よくわかる!歴史から読む「トランプ旋風」 人気予備校講師が教える「ニュースの教養」
まずは、①の「軍需産業」です。
米国の軍需産業は、第二次大戦のときに急成長しました。冷戦期には、ソ連がいつ攻めてくるかわからないと喧伝し、核ミサイルを量産して莫大な軍事費を政府(国防総省)から引き出したわけです。
米国の軍人たちは、天下り先である軍需産業の意向を無視できません。さらに軍需産業の下には、下請けの中小企業がいっぱいあるので、何百万人もの雇用が生まれます。こういう構造が冷戦期に生まれ、今も変わらずに存在するのが米国の現実なのです。
ベトナム戦争のときは民主党政権でしたが、冷戦末期に大軍拡をやったのは共和党レーガン政権でしたし、湾岸戦争もイラク戦争も、共和党のブッシュ親子が戦争へと舵をとりました。基本的に軍需産業は共和党とくっついている場合が多いのです。
イラク戦争の長期化で、米国国民の厭戦気分が広まったとき、イラク戦争から手を引くことを公約にして登場したのが、民主党のオバマ大統領です。
軍需産業から見れば、イラク戦争のあと大きな戦争もなく、戦闘機やミサイルの在庫がたまっているはずです。このあたりで共和党に政権を取らせて…と考えているでしょう。
アメリカの中間層「草の根保守」って何?
③「草の根保守」も、共和党の強力な支持基盤です。
英語でもグラス・ルーツといって、草の根っこのように米国の大地に根をおろしている保守層(経済的には中間層)のことです。
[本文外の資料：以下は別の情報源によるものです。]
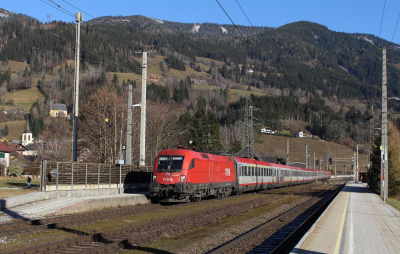 1016 045 ÖBB Schoberpass Gaishorn EC 216 Bahnhofsbild  Railwayfans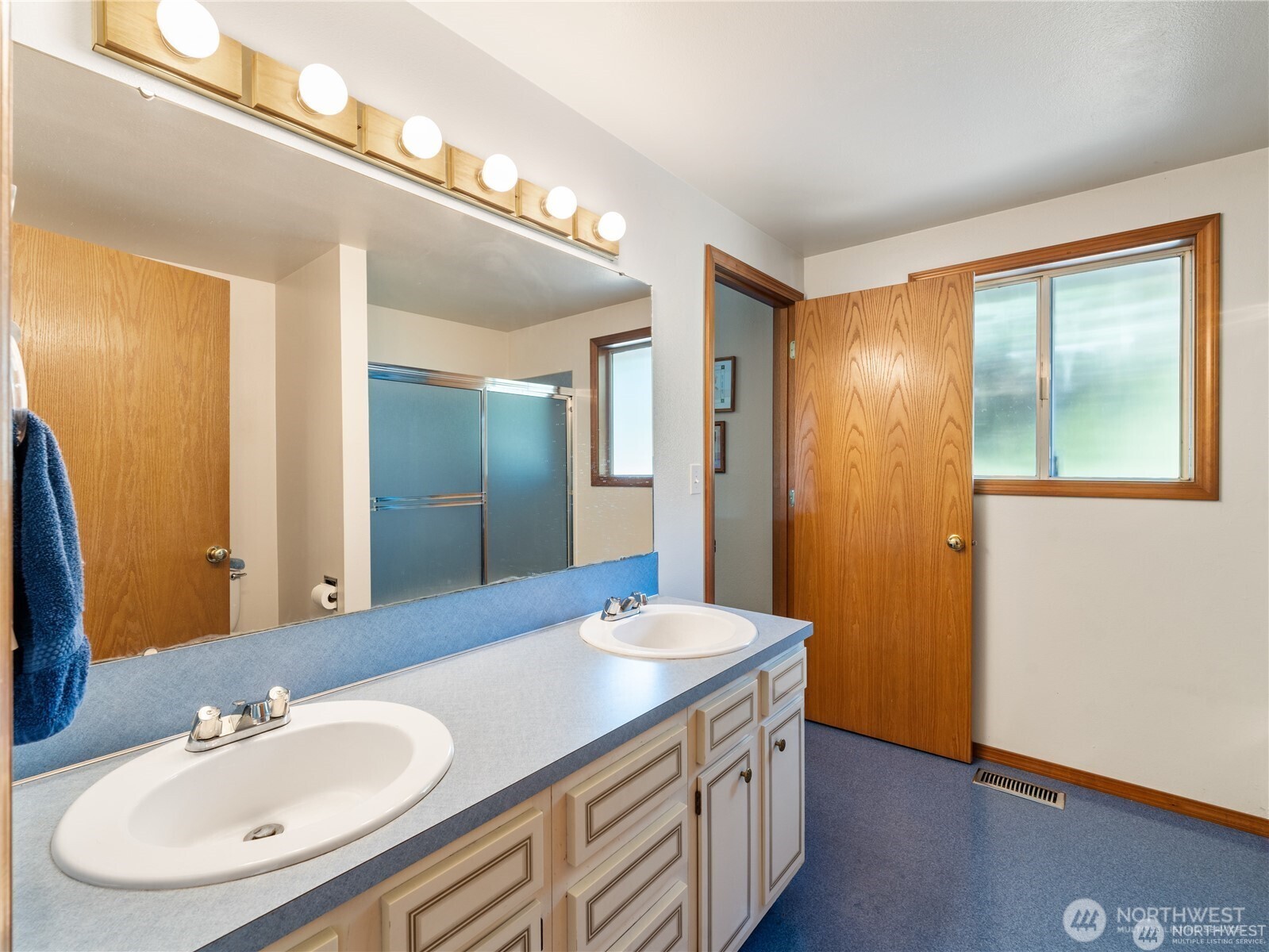 1205 S Walnut Street , Burlington, WA 98233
彼らはアメリカ南部や中西部の農村地帯に多く住み、歴史的には19世紀の「西部開拓農民」にまでさかのぼります。
開拓農民は、政府からまったく支援を得ることなく、自分の努力と才覚だけで先住民(インディアン)と戦って、荒野を切り開いてきた人たちです。正当防衛のために個人が銃をもつのは当然の権利と考え、銃規制に反対するのもこの人たちです。
基本的に国家を信用しない。自分の身は自分で守るので福祉もいらない。税金も払いたくないという極端な個人主義、自由主義の思想をもっています。
そもそも国家というものを信用しない草の根保守の立場からすれば、国のために外国で戦って死ぬのは、ナンセンスです。敵が米国へ攻めてくるなら戦うけれど、なぜ海の向こうまで行って戦わなければならないのか……と。